#### Task to carry out:
Within the entries below, please retype exactly the lines starting with the line that has "Homem que cobrava" and going on through the line that has "Conjunto, 84 m²", but not the pictures.

#### Provided information:

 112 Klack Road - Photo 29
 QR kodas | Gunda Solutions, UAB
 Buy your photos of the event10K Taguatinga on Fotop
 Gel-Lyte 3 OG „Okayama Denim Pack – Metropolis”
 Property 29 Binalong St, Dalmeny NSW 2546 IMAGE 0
* * *
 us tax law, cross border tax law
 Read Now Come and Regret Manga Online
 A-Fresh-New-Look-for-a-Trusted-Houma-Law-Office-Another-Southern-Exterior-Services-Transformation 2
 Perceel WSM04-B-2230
--
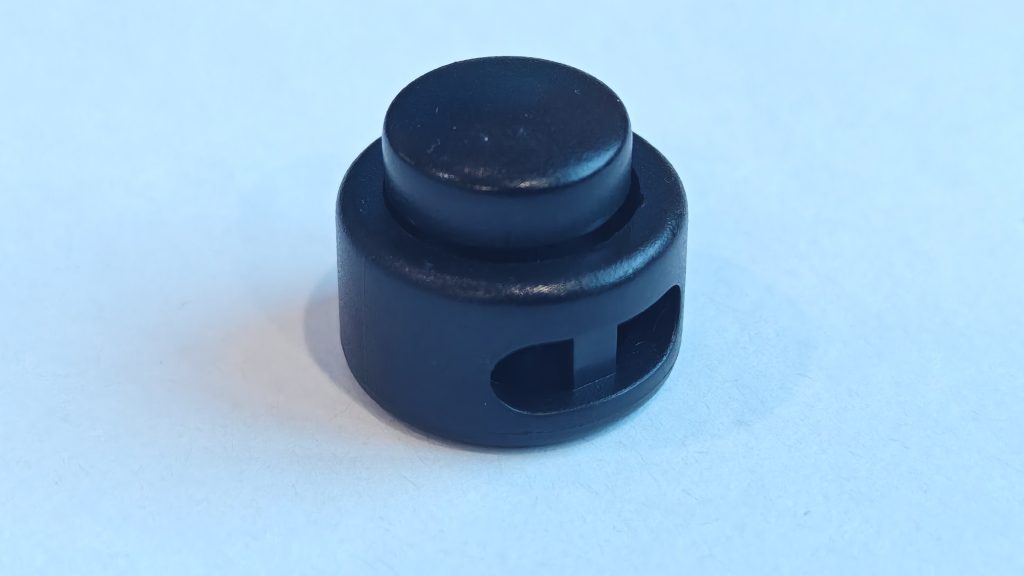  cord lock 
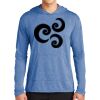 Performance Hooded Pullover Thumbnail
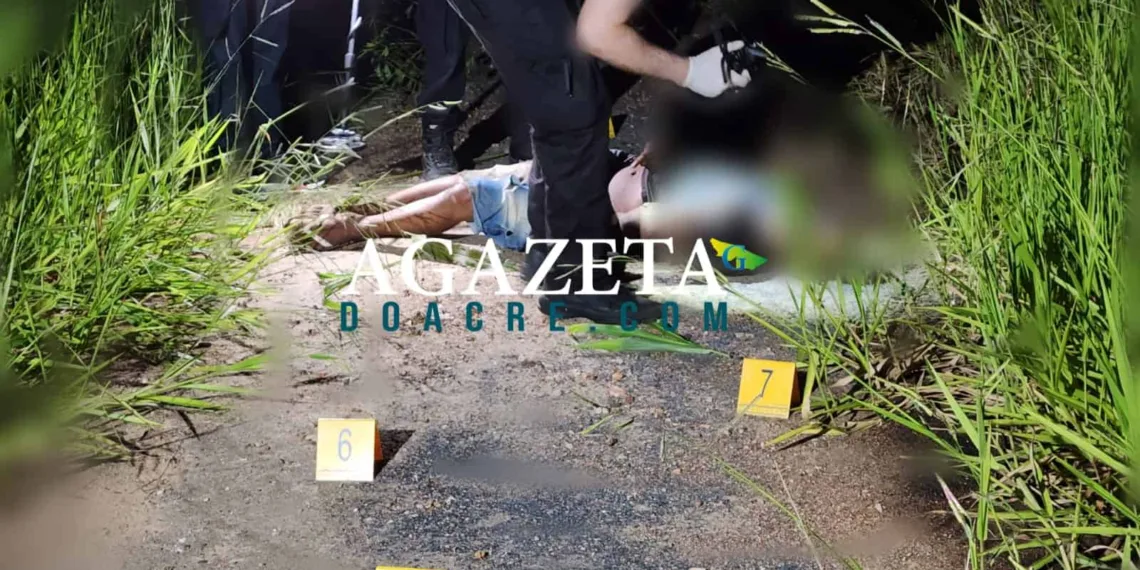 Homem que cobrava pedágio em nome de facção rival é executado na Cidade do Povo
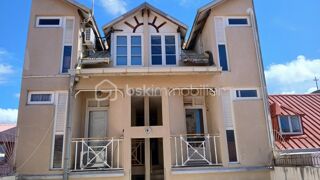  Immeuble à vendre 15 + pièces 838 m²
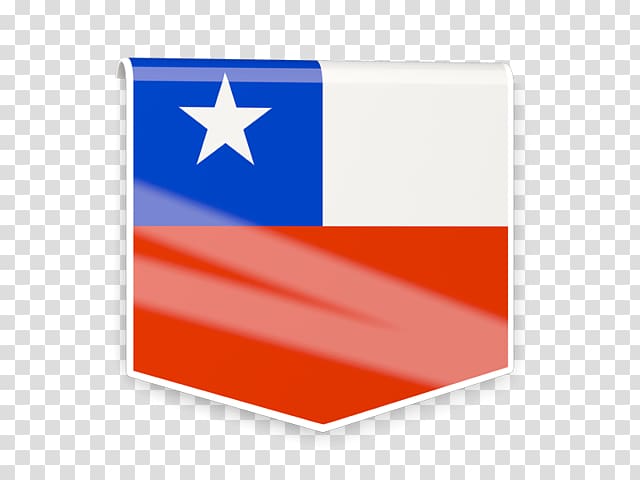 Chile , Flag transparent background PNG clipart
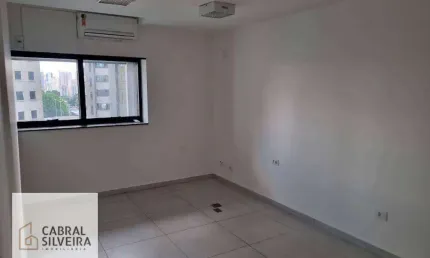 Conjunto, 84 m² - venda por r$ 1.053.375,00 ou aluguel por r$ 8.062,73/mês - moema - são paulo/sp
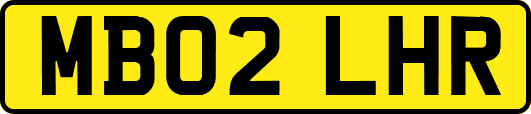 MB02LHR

#### Result of the exercise:
 Homem que cobrava pedágio em nome de facção rival é executado na Cidade do Povo
  Immeuble à vendre 15 + pièces 838 m²
 Chile , Flag transparent background PNG clipart
 Conjunto, 84 m² - venda por r$ 1.053.375,00 ou aluguel por r$ 8.062,73/mês - moema - são paulo/sp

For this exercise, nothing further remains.